After the White Sea–Baltic Canal was finished, he became the leading NKVD official alongside Sergey Zhuk and Lazar Kogan in the Dmitlag forced labor camp based in Dmitrov where the inmates were building the Moscow Canal. In August 1933, Firin was upset that there were too many frail workers who were not meeting production goals. He ordered the camp leaders to cut their food rations as a punishment which meant they only got weaker and thus were "unloaded".

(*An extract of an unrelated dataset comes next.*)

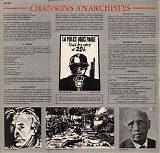 Les Quatre Barbus - Chansons Anarchistes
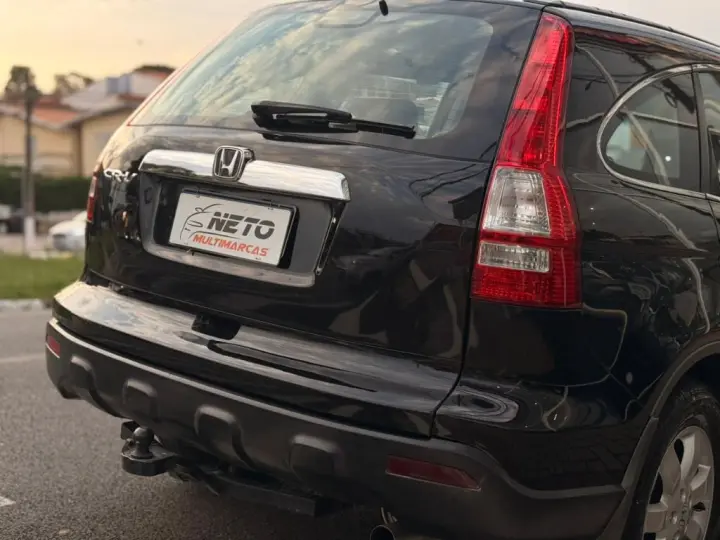 CR-V EXL 2.0 16V 4WD/2.0 Flexone Aut.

Firin was arrested for allegedly participating in an Operational-Chekist coup to prepare a "palace revolution" on 28 April 1937. He was executed by a firing squad on 14 August 1937.

==Family==
His wife, Zofia Zaleska, was born to a Polish family in 1903 in Śmiłowice, Włocławek County. She had participated in the November Revolution in Germany before graduating from high school in 1920. She became a member of the Bolsheviks in 1920, then went on to work for the Intelligence Directorate of the Red Army as a political instructor, where she was awarded the Order of the Red Banner.

She was arrested on May 26, 1937, included in the execution list of August 20, 1937 and shot on August 22, 1937. She was rehabilitated posthumously on September 14, 1957.